* Exercise description *
An exact copy of every entry is needed here; the images stay out.

[Captioned web images]
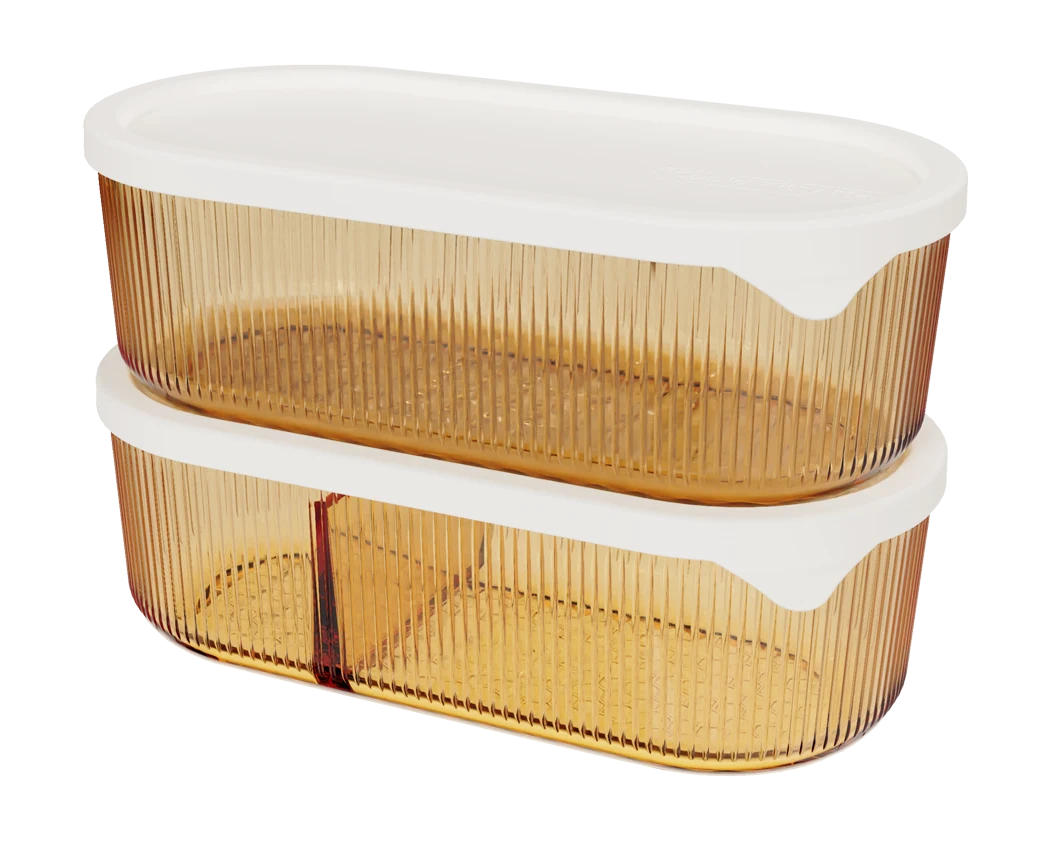 Oval Ribbed Food Container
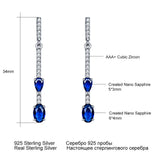 925 Silver Drop Earrings Sapphire Wedding Jewelry Gift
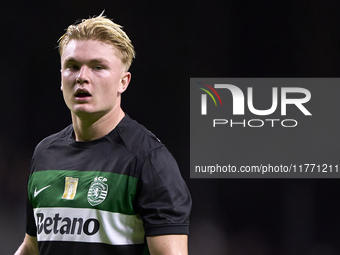 Conrad Harder of Sporting CP looks on during the Liga Portugal Betclic match between SC Braga and Sporting CP at Estadio Municipal de Braga...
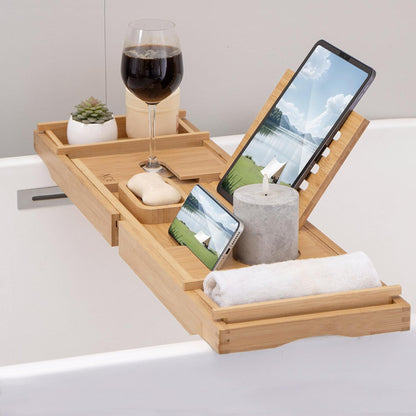 XcE Bamboo Bathtub Caddy Tray - Expandable to 41 Inches with Book Stand, Soap Holder & Anti-Slip Pads for Luxury Bath Spa, Brown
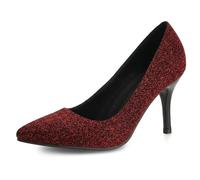 Qynthra Zapatos Salón Aguja Mujer Punta Afilada Metalizados Sin Cordones Zapatos,Rojo,35 EU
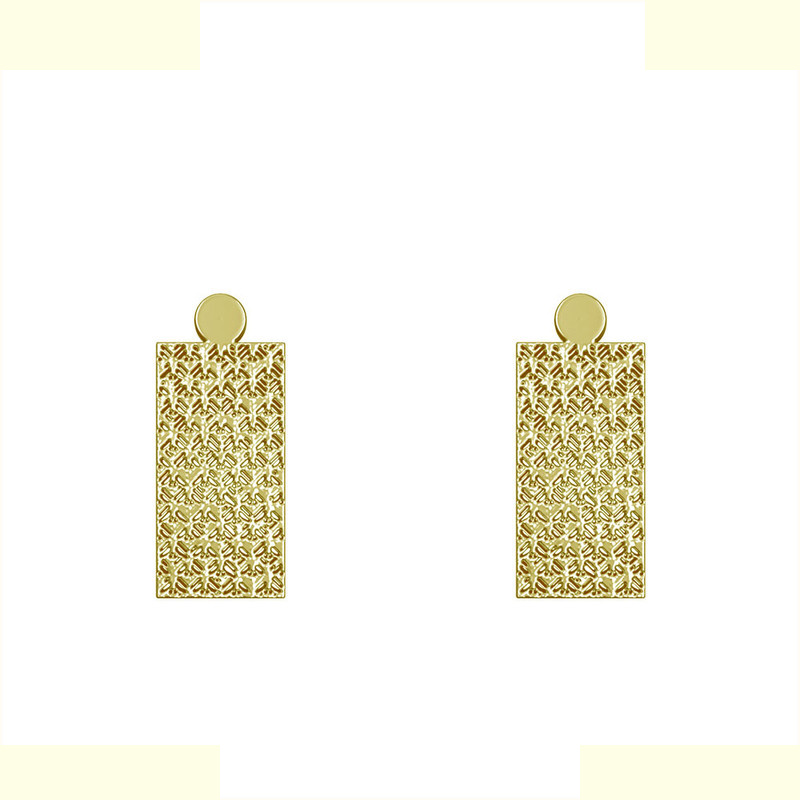 گوشواره طلا 18 عیار زنانه مدوپد مدل مستطیل کد GA1-14214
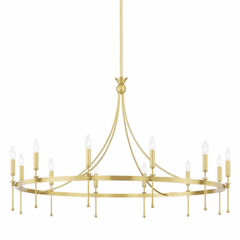 Hudson Valley Gates 12 Light Chandelier - Aged Brass - 4351-AGB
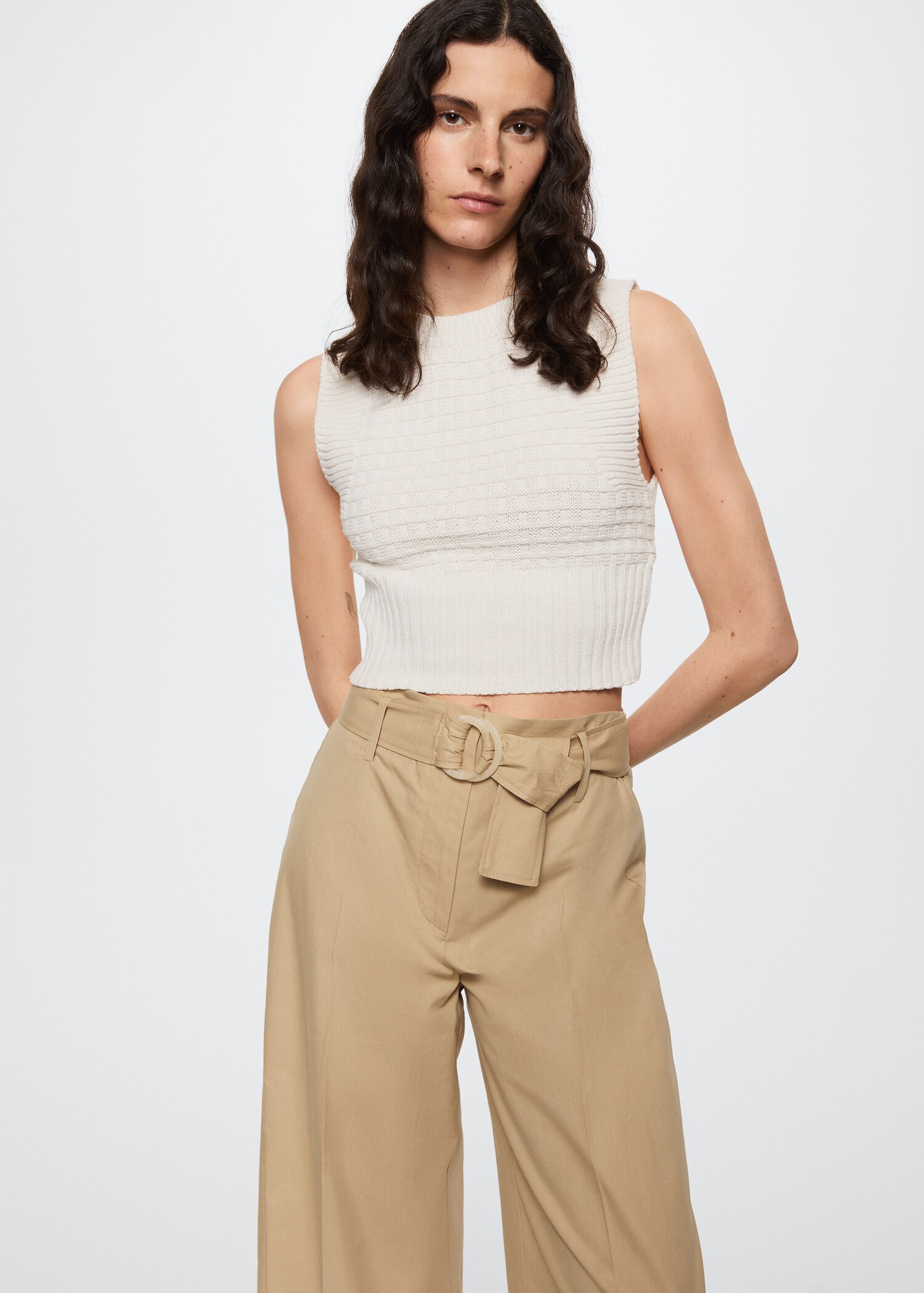 Belt cotton-blend trousers - Details of the article 1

* Task result *
 Oval Ribbed Food Container
 925 Silver Drop Earrings Sapphire Wedding Jewelry Gift
 Conrad Harder of Sporting CP looks on during the Liga Portugal Betclic match between SC Braga and Sporting CP at Estadio Municipal de Braga...
 XcE Bamboo Bathtub Caddy Tray - Expandable to 41 Inches with Book Stand, Soap Holder & Anti-Slip Pads for Luxury Bath Spa, Brown
 Qynthra Zapatos Salón Aguja Mujer Punta Afilada Metalizados Sin Cordones Zapatos,Rojo,35 EU
 گوشواره طلا 18 عیار زنانه مدوپد مدل مستطیل کد GA1-14214
 Hudson Valley Gates 12 Light Chandelier - Aged Brass - 4351-AGB
 Belt cotton-blend trousers - Details of the article 1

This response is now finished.